Therefore, it is timely for the Speaker to write to Embassies or countries and make inquiries for clarifications. But whether the Speaker would take such a step is doubtful. For a citizen to initiate such an action, there should be facts to be submitted to the courts in a writ application.
This situation raises unfortunate and ambiguous situations for the country in need of well qualified expatriates who are productive and love the country and are ready to serve as in other countries. Under Israeli Nationality laws, a citizen has the right to return and serve the State as most of Israelis live in other parts of the world especially USA, UK, West and developed countries.
It is time to rethink changes to the outdated, ineffective and complicated Nationality Act towards a more productive proactive piece of legislation to enable expatriates holding different nationalities to serve the country better and to get them engaged and involved in political economic development programmes with no or little restrictions maintaining the integrity of the country, they are prepared to serve clearing the different and difficult areas preventing them returning.

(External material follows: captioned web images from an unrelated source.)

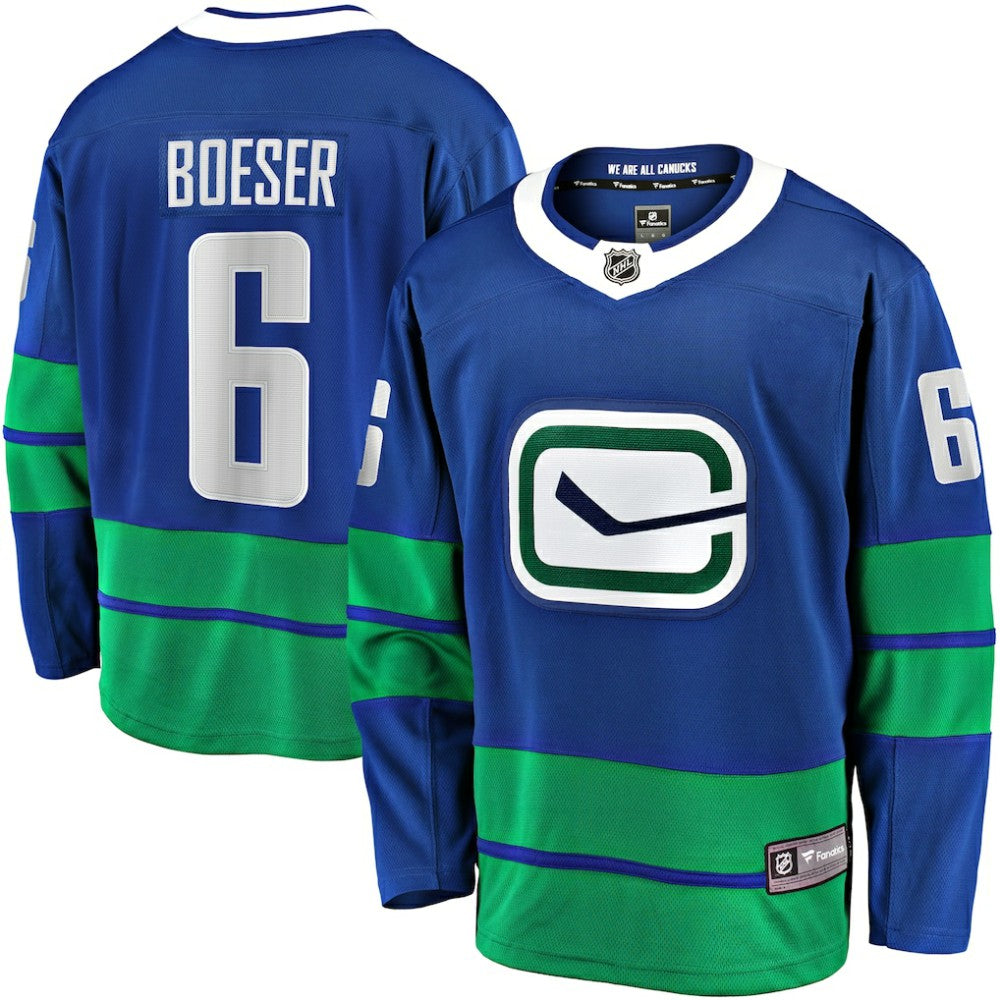 Brock Boeser Vancouver Canucks Fanatics Breakaway Jersey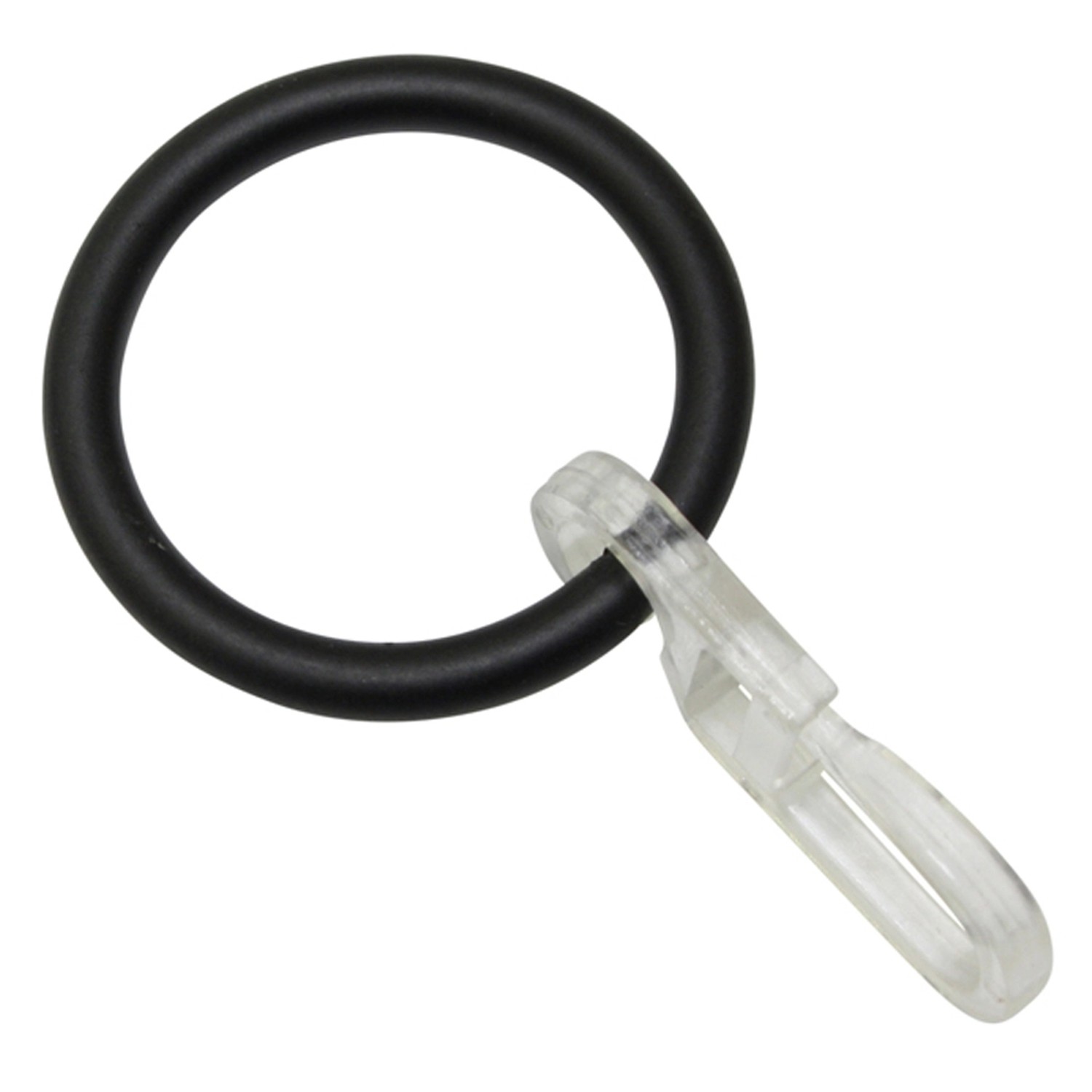 Gardinia Gardinenringe Kos für Ø 27 mm Schwarz 6-er Pack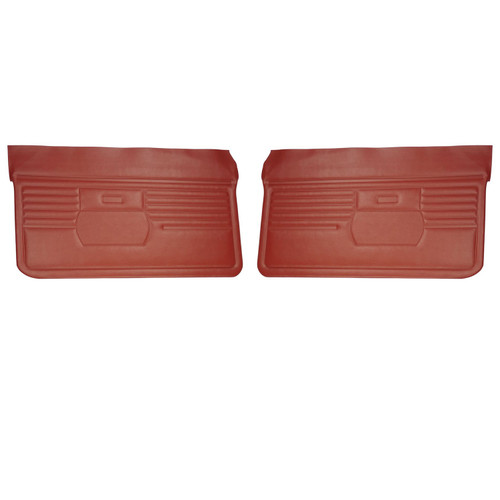 1968 Chevrolet Camaro Standard Red Front Door Panels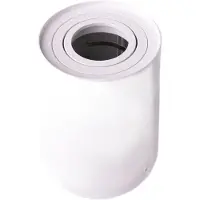 Eco-Light Ecolight halogenarmatur GU10 för montering, rund, vit OHN-3B
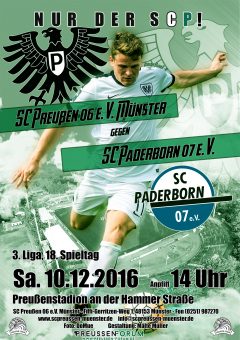 2016/2017 - 18. Spieltag - Preußen Münster - SC Paderborn 07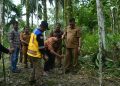 Bupati Nias Selatan Lakukan Pematokan Pembangunan Jembatan di Desa Ulu Idano Duo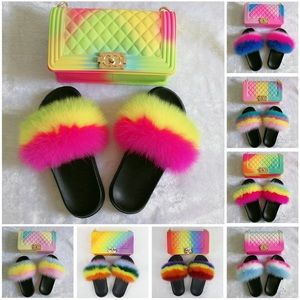 Cute nice fur slides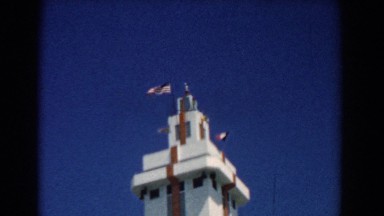 1958: Control Tower Flies American Flag, South, Carolina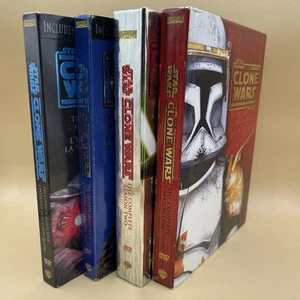 Star Wars, The Clone Wars; Series, Season 1-4 (DVD TV-Series) All Discs Included - Bild 1 von 24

Complications in the Act are to be clarified and streamlined. Stigma and barriers based on political enmities are to be removed with freedom to enjoy unrestricted movement and return, as in Israel. Children of parents and grandparents of citizens by birth who was born due to fathers being academics in international service who want to get involved in serving the motherland, should be given the opportunity to be actively and deeply involved in local politics for development and prosperity of the nation, whilst taking a cautious approach in granting dual citizenship. It is time to rethink and reconsider the legal basis of citizenship law on the needs, current demands, aspirations and challenges for development and prosperity.
Author takes responsibility for the contents and could be contacted on [email protected]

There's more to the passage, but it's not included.